La Segunda República supuso un choque entre la inercia de las posiciones tradicionales y las propuestas de cambio. La mentalidad tradicional era defendida por la oligarquía terrateniente, los monárquicos, la Iglesia Católica y un sector importante del Ejército. Se trataba de una mezcla de paternalismo y prepotencia, además de desconfianza ante las nuevas ideas. La ideología era contraria a las reformas que afectasen a la propiedad, a la relación entre la Iglesia y el Estado, así como a la organización territorial del Estado. La tendencia de estos sectores era hacia el autoritarismo. Las propuestas de cambio eran siempre vistas como sinónimos de subversión o desorden.
Los pequeños propietarios y las clases medias rurales compartían la mentalidad tradicional. Este grupo representaba un porcentaje importante de la población española, especialmente en el centro y norte peninsulares, y era parte fundamental de la base electoral de los partidos políticos de derechas o centro-derecha.
Las propuestas de cambio procedían, con claras diferencias internas en relación con las reformas a emprender, de las clases medias urbanas progresistas republicanas, de los intelectuales y artistas, y del proletariado industrial y agrícola vinculado al socialismo y al anarquismo. También estaría en este grupo el nacionalismo de izquierdas catalán.
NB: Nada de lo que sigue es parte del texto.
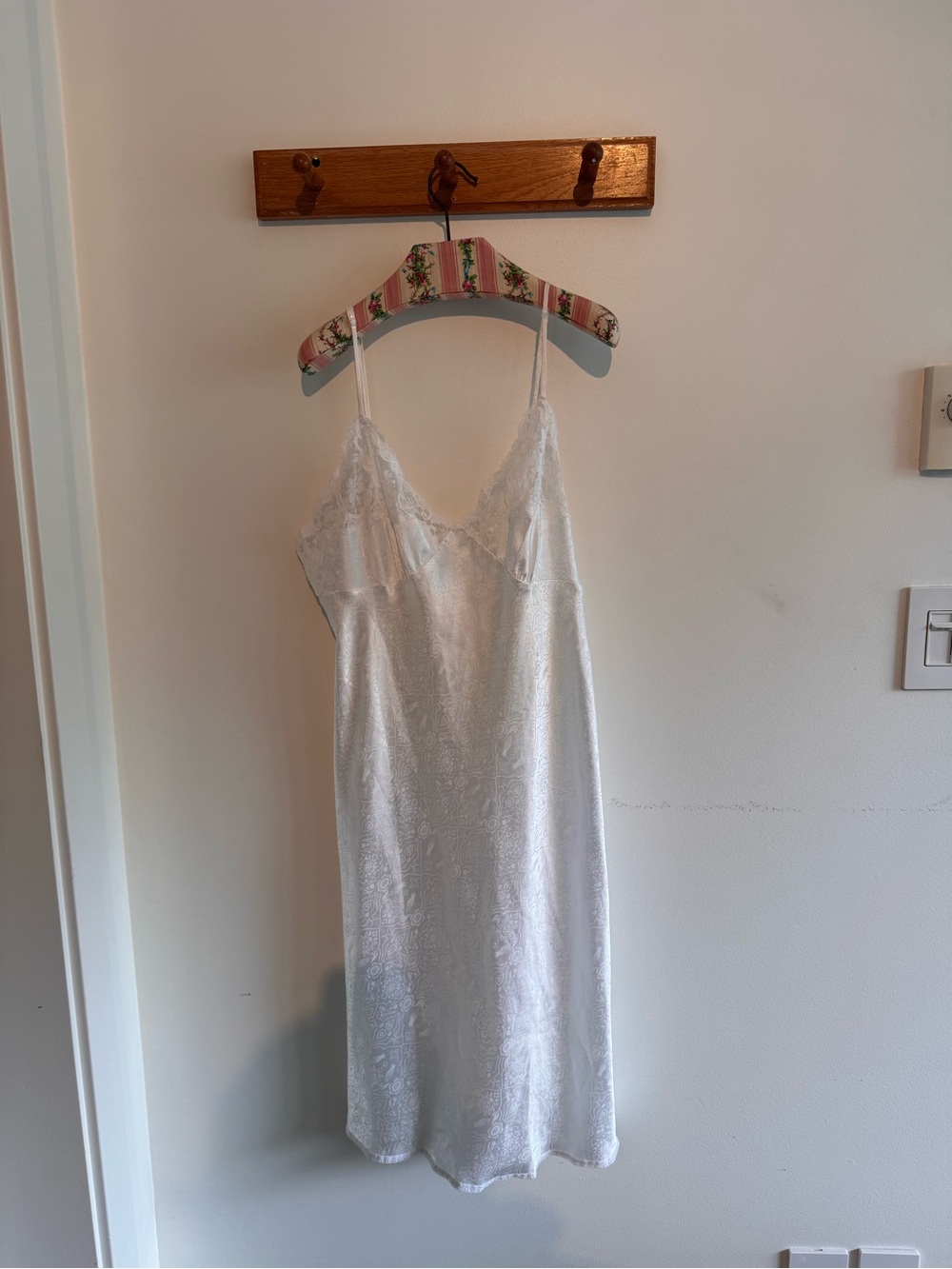 Vintage Linda for Eaton White Satin Lace Slip Dress XL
La Constitución de 1931 y la política reformista del primer Bienio y del Frente Popular fueron el reflejo de esta mentalidad de cambio: derechos individuales y colectivos, derechos de la mujer, laicismo, consideración de la propiedad como algo social y supeditado a los intereses comunes, autonomías, estado del bienestar, educación pública, política cultural, reformas agraria y militar.
A pesar de los intentos por establecer un cauce de convivencia democrática, el choque de mentalidades fue profundo. La República generó inmensas expectativas entre los sectores más desfavorecidos, pero el primigenio espíritu se desvaneció muy pronto por las dificultades y resistencias encontradas, así como por el apremio de los más desfavorecidos, favoreciendo el radicalismo de una parte de la izquierda. Por su parte, la República desarrolló en los grupos oligárquicos y en las derechas un terror y odio profundo desde el primer momento, que optaron por la salida conspirativa y autoritaria.